CITTA' DEL VATICANO, venerdì, 9 ottobre 2009 (ZENIT.org).- La testimonianza di suor Geneviève Uwamariya, della comunità di Santa Maria di Namur in Ruanda, ha fatto rabbrividire questa mattina i presenti nell'Aula del Sinodo.

Suor Geneviève ha perso il padre e vari familiari durante il genocidio avvenuto nel Paese nel 1994, uno degli episodi più sanguinosi del XX secolo, in cui da aprile a luglio è stato massacrato sistematicamente un numero di persone che oscilla tra 800.000 e 1.701.000.

La religiosa ha voluto condividere un'esperienza personale avvenuta tre anni dopo questa tragedia che, secondo lei, ha cambiato la sua vita e mostra come si deve vivere la riconciliazione in un continente ferito da violenza, crude violazioni dei diritti umani e innumerevoli problemi sociali.La suora ha ricordato che il 27 agosto 1997, attraverso un gruppo della Divina Misericordia, ha incontrato a Kybuye, il suo villaggio di origine, un gruppo di prigionieri, vari dei quali autori materiali del genocidio.

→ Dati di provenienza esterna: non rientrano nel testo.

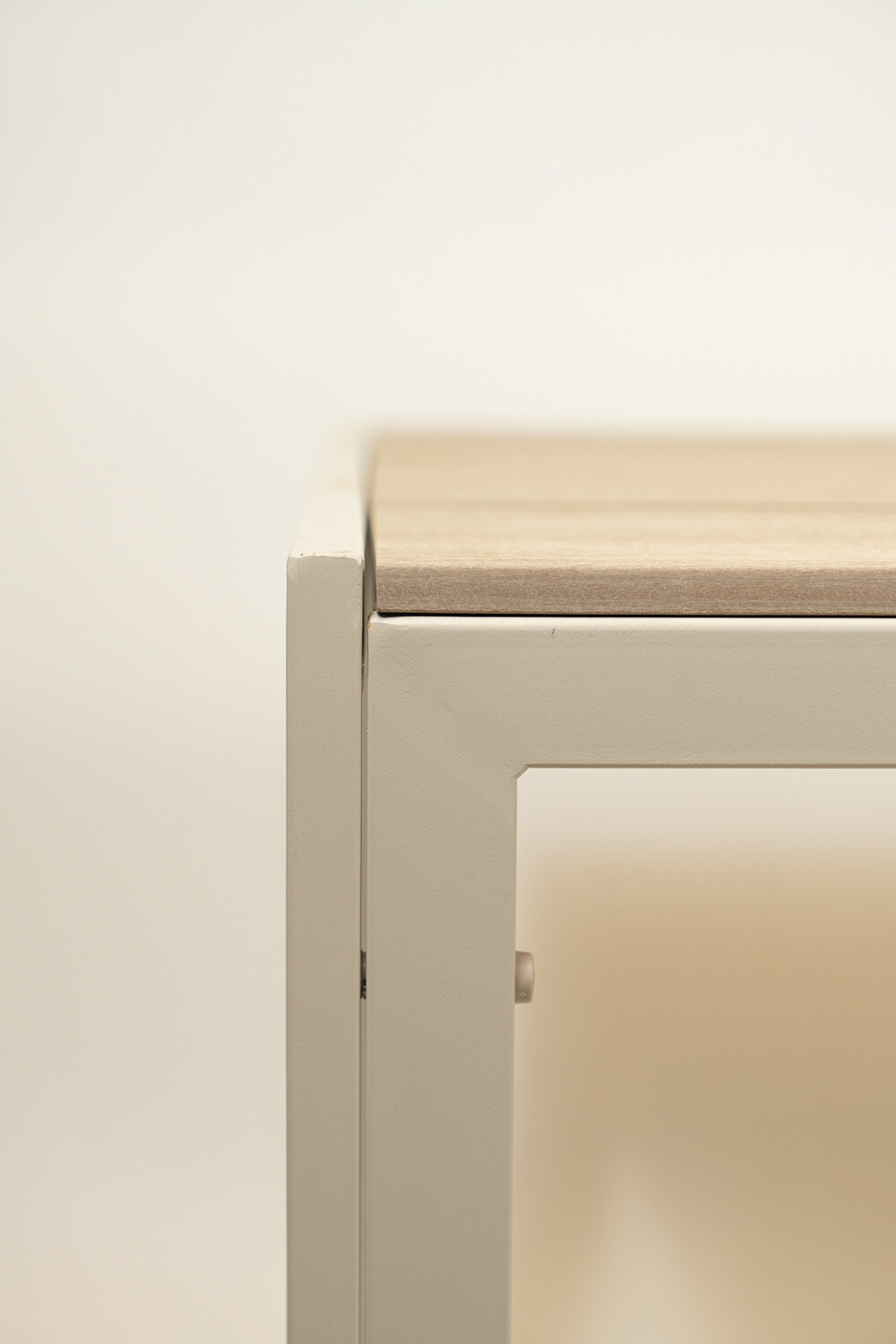 Mesa Luxor Color Unico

L'obiettivo dell'incontro era prepararli al Giubileo del 2000. Durante l'incontro, la suora disse: "Se sei stato vittima offri il perdono e perdona chi ti ha ferito", dicendo che solo così la vittima si sarebbe liberata dal carico di rancore e il criminale dal peso di aver commesso il male."Subito un prigioniero si alzò chiedendo misericordia", ha raccontato la religiosa. "Sono rimasta pietrificata riconoscendo l'amico di famiglia che era cresciuto con noi".

"Mi ha confessato di aver ucciso mio padre. Mi ha descritto i dettagli della morte dei miei cari", ha aggiunto. La suora lo ha abbracciato e gli ha detto: "Sei e continuerai ad essere mio fratello".

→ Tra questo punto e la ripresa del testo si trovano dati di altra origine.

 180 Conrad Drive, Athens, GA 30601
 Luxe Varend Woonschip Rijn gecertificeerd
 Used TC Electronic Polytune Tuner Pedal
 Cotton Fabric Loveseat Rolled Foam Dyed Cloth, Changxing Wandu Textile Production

Suor Geneviève ha confessato di aver sentito che le era stato "tolto un peso". "Ho ritrovato la pace interiore e ho ringraziato la persona che avevo tra le braccia".

Con sua grande sorpresa, ha sentito quell'uomo gridare: "La giustizia può fare il suo corso e mi potrà condannare a morte, ma ora sono libero!"."Anch'io volevo gridare a chi mi voleva ascoltare; 'Anche tu puoi ritrovare la pace interiore!'", ha rivelato.

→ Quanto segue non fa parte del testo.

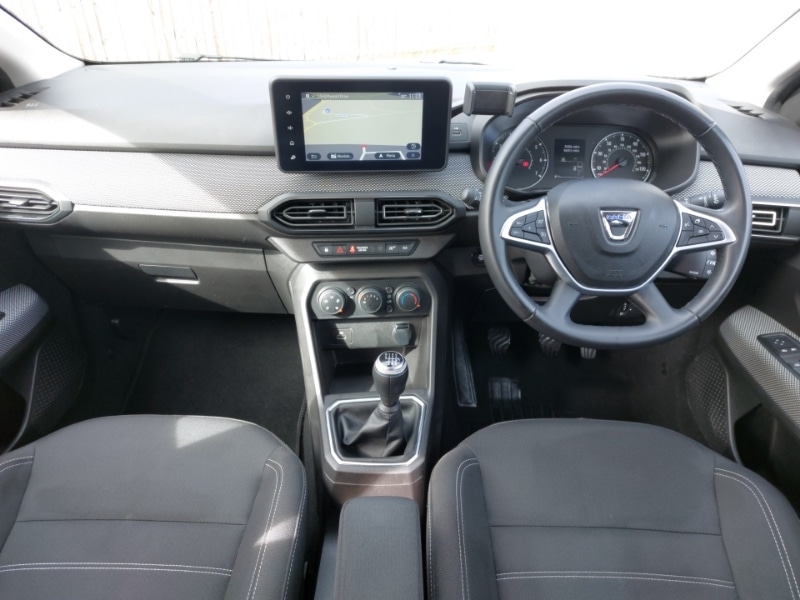 Used Dacia Sandero 2021 for sale - 78032188: Photo 2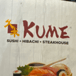 Kume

Da quel momento, suor Geneviève Uwamariya si incarica di portare la posta dalle carceri per chiedere perdono ai sopravvissuti. In questo modo sono state distribuite 500 lettere, e con alcune risposte che hanno ricevuto molti prigionieri hanno recuperato l'amicizia con le vittime e hanno sperimentato il vero perdono.Ciò ha fatto sì che le vittime si riuniscano. "Sono azioni che sono servite affinché molti vivessero la riconciliazione", ha testimoniato. Suor Geneviève ha affermato che il suo popolo è pieno di vedove e orfani e che dal 1994 è stato ricostruito dai prigionieri. Nelle parrocchie del Ruanda sono nate molte associazioni di ex carcerati e sopravvissuti, e funzionano bene.

"Da questa esperienza deduco che la riconciliazione non è solo voler riunire due persone o gruppi in conflitto", ha spiegato. "Si tratta di 'insediare' in ciascuno l'amore e di lasciare che avvenga la guarigione interiore, che permette la liberazione".

"Per questo - ha concluso - la Chiesa è importante nei nostri Paesi, perché può offrire una parola che cura, libera e riconcilia".